Pasó mucho tiempo hasta que de pronto la entrada de la casa volvió a abrirse. Con un crujido de la puerta, detrás de esta asomó una muchacha hermosa de ojos carmesí y vestido blanco.
—Pequeño —dijo ella, con voz misericordiosa. Sus labios se contorsionaron. Parecía que lloraría, sin embargo, fue capaz de articular una mirada seria, para luego prender la lámpara y comenzar a maquinar sobre el mesón de la cocina.
Amatori se quedó a la espera, sintiendo nada. Encorvado bajo la mesa, un aroma delicioso entró por sus narices. Levantó la vista, olfateando como un cachorro. Fue entonces cuando puso atención a los sonidos del cuchillo cortando sobre la madera a un ritmo estable.
El niño gateó curioso hacia donde trabajaba la muchacha, luego se paró a su lado y se puso de puntillas sobre sus pies. A penas alcanzó a asomarse para ver unas zanahorias rebanadas.
Pristina le indicó que debía esperar sentado en la mesa, que por mientras le ayudara a poner los platos y utensilios, así que así lo hizo.
La espera duró mucho, sin embargo, tuvo su recompensa.
—Aquí tienes —dijo Pristina, echando una cucharada de sopa sobre el plato de Amatori. Tras eso llevó de nuevo el cucharón al perol y se sirvió una porción de sopa para ella misma—. ¿Cómo se dice? —preguntó.
—Hermana Pristina, muchas gracias.
—Con hermana o Pristina por sí solas bastaba. Pero bueno, qué se le va a hacer. —La adolescente sonrió al tiempo que dejaba el perol sobre el mesón. A continuación, se sentó a la mesa junto a Amatori.
El calor inundó la barriga del niño. La felicidad de saborear el arroz, las papas, las zanahorias y los demás vegetales. También había pan y mermelada. Todo lo había traído Pristina.
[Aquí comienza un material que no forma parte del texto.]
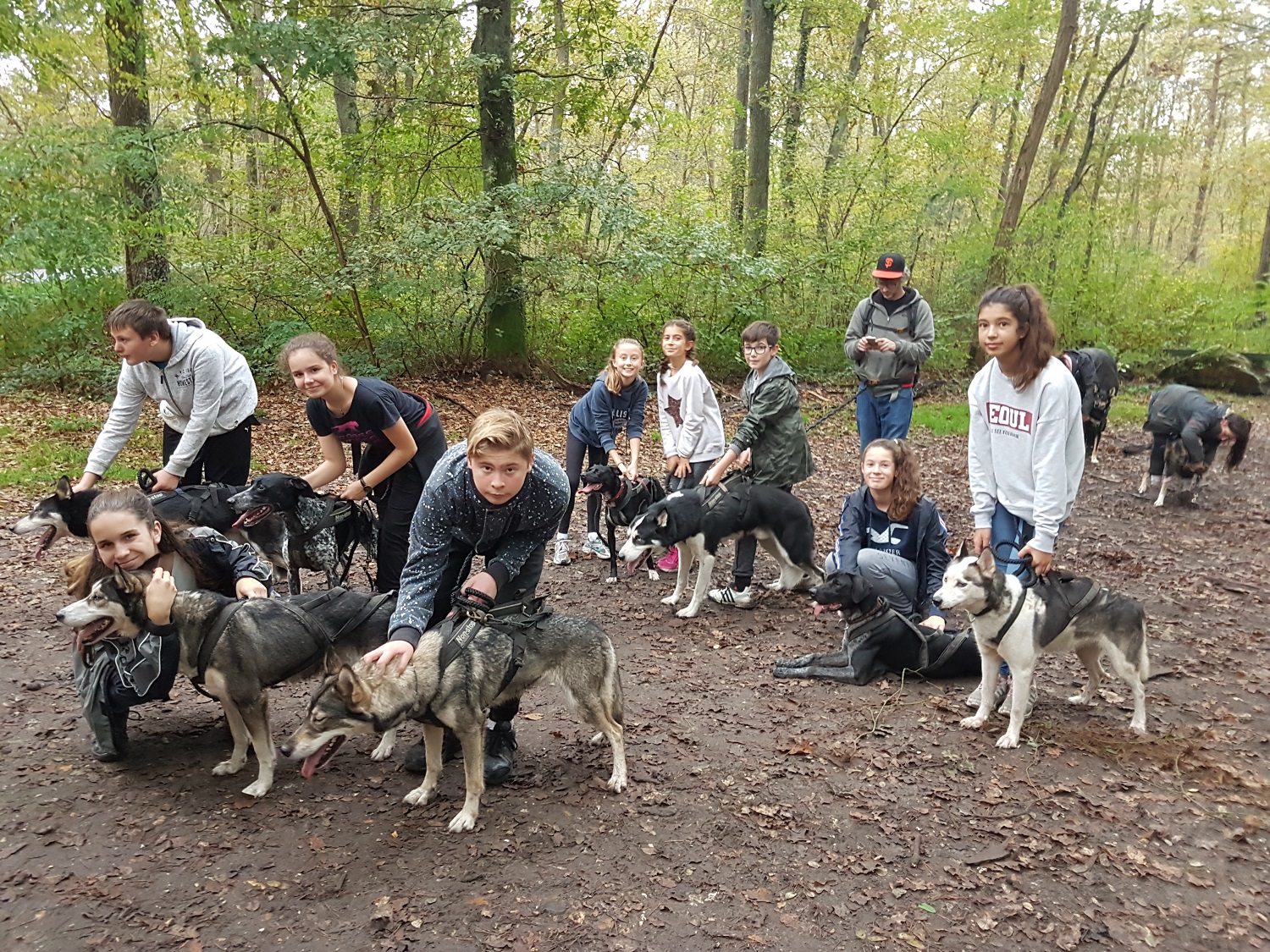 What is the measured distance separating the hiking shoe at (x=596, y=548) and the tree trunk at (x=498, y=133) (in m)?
5.71

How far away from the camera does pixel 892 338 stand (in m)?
6.65

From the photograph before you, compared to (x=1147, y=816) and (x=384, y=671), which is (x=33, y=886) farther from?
(x=1147, y=816)

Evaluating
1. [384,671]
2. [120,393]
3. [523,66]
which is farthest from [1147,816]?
[523,66]

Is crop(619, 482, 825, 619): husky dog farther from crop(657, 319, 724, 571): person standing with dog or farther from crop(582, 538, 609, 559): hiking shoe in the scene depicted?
crop(582, 538, 609, 559): hiking shoe

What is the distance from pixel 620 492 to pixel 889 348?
261 cm

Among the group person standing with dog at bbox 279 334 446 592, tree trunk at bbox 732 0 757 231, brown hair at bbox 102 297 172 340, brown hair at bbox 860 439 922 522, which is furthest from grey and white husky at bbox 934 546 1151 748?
tree trunk at bbox 732 0 757 231

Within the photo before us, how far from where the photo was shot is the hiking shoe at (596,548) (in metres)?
7.35

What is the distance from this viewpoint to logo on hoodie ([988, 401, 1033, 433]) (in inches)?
160

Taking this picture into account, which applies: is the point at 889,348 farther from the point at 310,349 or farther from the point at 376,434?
the point at 310,349

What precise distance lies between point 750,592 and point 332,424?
3629 mm

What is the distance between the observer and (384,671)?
10.1ft

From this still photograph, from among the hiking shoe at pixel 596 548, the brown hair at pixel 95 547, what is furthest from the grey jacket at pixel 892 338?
the brown hair at pixel 95 547

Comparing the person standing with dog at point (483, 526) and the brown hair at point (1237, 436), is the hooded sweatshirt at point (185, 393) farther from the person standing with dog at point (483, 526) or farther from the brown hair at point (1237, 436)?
the brown hair at point (1237, 436)

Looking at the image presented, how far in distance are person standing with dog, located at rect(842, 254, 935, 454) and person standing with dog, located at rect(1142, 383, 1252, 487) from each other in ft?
14.3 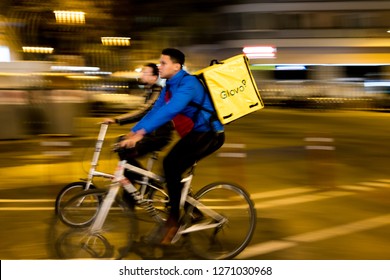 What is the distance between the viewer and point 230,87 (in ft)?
16.2

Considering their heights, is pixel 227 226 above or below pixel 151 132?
below

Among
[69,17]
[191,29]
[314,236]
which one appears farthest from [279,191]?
[191,29]

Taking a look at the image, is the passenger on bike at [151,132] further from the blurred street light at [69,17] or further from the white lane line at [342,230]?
the blurred street light at [69,17]

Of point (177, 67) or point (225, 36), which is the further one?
point (225, 36)

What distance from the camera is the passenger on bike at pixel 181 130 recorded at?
483 cm

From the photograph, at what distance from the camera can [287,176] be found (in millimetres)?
9617

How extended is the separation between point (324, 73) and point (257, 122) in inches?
929

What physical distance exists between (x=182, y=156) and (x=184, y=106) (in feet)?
1.47

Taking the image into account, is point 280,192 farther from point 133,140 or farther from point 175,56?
point 133,140

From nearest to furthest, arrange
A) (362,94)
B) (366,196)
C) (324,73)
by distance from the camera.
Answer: (366,196), (362,94), (324,73)

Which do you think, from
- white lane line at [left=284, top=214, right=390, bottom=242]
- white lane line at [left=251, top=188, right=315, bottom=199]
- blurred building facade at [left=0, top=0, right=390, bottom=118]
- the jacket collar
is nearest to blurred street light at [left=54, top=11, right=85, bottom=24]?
blurred building facade at [left=0, top=0, right=390, bottom=118]

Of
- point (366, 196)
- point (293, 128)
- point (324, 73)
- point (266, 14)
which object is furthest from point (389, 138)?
point (266, 14)

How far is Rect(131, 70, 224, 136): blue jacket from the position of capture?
15.5 feet

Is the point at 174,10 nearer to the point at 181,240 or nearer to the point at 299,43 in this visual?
the point at 181,240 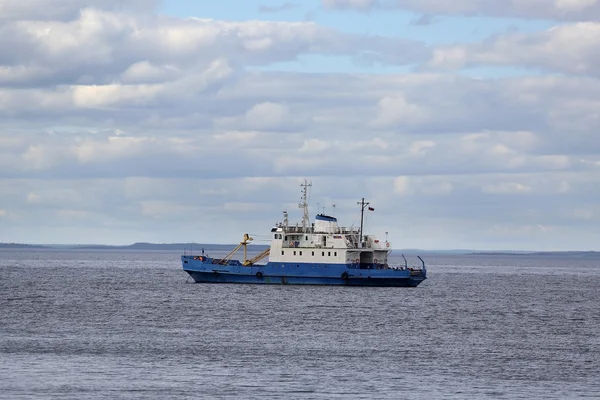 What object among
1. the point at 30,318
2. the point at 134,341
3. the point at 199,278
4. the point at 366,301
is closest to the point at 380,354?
the point at 134,341

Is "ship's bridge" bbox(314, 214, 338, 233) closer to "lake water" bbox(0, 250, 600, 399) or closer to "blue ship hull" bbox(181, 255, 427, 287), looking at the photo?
"blue ship hull" bbox(181, 255, 427, 287)

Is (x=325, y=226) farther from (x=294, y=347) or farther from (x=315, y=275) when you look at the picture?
(x=294, y=347)

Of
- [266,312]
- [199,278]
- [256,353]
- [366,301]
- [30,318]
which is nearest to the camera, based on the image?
[256,353]

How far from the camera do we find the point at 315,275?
4033 inches

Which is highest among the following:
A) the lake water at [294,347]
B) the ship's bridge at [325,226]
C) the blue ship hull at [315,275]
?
the ship's bridge at [325,226]

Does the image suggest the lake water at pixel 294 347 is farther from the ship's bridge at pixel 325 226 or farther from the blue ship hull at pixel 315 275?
the ship's bridge at pixel 325 226

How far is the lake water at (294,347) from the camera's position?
44719mm

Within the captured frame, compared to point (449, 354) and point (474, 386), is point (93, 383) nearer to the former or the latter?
point (474, 386)

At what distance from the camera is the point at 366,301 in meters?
91.6

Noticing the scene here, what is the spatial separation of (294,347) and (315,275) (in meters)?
44.2

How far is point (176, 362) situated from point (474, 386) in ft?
48.2

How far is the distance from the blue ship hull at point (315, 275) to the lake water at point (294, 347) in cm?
299

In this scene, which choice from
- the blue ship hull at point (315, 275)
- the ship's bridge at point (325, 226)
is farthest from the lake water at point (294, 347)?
the ship's bridge at point (325, 226)

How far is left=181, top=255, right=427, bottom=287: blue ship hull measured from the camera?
102312 mm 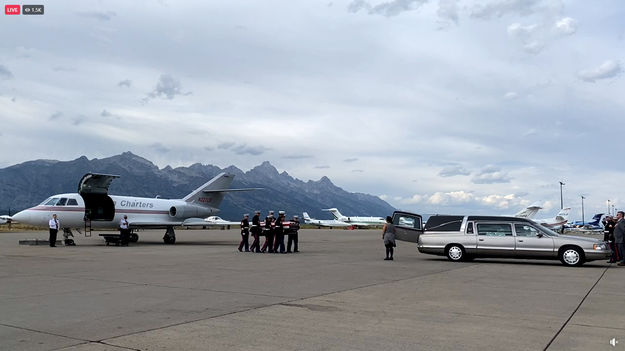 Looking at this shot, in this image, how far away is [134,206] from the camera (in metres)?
30.0

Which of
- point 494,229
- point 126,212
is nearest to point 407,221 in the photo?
point 494,229

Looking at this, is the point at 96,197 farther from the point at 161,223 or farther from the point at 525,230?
the point at 525,230

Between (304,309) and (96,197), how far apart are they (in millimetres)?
23276

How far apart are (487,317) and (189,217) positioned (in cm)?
2633

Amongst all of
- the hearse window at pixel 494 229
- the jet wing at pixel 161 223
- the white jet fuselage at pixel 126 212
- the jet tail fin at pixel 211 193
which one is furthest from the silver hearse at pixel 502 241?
the jet tail fin at pixel 211 193

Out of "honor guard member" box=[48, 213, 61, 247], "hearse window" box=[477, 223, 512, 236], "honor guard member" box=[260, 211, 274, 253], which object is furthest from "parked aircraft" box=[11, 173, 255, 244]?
"hearse window" box=[477, 223, 512, 236]

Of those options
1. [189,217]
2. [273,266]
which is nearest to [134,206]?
[189,217]

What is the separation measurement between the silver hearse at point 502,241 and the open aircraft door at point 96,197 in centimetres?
1826

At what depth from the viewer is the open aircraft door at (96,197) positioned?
27.9 m

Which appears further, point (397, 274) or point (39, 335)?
point (397, 274)

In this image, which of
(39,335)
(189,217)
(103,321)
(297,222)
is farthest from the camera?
(189,217)

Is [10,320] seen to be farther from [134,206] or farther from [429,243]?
[134,206]

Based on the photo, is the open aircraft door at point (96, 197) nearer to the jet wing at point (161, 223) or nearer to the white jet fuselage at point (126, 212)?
the white jet fuselage at point (126, 212)

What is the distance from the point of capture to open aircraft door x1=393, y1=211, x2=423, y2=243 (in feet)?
79.0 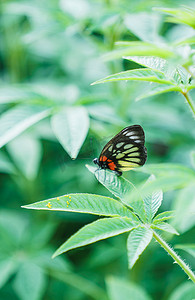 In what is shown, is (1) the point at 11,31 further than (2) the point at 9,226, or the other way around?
(1) the point at 11,31

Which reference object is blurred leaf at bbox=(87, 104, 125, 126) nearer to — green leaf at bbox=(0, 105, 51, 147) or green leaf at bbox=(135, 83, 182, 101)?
green leaf at bbox=(0, 105, 51, 147)

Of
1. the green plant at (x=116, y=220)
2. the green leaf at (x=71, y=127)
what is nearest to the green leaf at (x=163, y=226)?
the green plant at (x=116, y=220)

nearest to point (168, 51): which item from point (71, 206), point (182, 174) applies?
point (182, 174)

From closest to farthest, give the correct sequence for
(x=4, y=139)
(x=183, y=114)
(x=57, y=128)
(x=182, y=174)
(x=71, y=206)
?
(x=182, y=174)
(x=71, y=206)
(x=4, y=139)
(x=57, y=128)
(x=183, y=114)

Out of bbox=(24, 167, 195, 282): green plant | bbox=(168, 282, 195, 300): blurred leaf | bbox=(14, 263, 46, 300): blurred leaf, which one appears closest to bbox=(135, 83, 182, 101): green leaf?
bbox=(24, 167, 195, 282): green plant

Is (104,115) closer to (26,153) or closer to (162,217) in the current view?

Ella no comió de inmediato, sino que se quedó viéndolo con una expresión cariñosa, al tiempo que sostenía su mentón sobre ambas manos cruzadas. Una sonrisa, ojos llenos de amor.
«Ah, quiero verla», dijo de pronto la voz de un joven desaliñado.
La oscuridad regresó de nuevo.
El maldito abismo. Cómo quería que acabara ya.
Pero oía una voz femenina.
—¿Pristina?, ¿eres tú?
No, también escuchó la voz de un hombre.
Oh. Eran Ainelen y Holam.
El cuerpo de Amatori fue sacudido, luego decidió abrir sus ojos con dificultad.
—¿Estás bien, Tori? —preguntó la curandera, con una mano acariciando la mejilla del muchacho. Cuando este último levantó la mirada, encontró un rostro triste, aunque en esos ojos también había amor.
—Te estuvimos buscando toda la mañana —dijo Holam. Si bien sonaba tan frío como de costumbre, de alguna manera logró hacerlo sentir un poco mejor.
¿Qué era lo que Amatori buscaba?, ¿libertad?, ¿y qué era la libertad verdaderamente?, ¿salir de un lugar maldito hacia donde nadie lo estuviera esperando?
No tenía tiempo para responder a esas preguntas, solo se limitó a sentarse y demostrarle a sus amigos que aún no tenía ganas de ir al otro lado.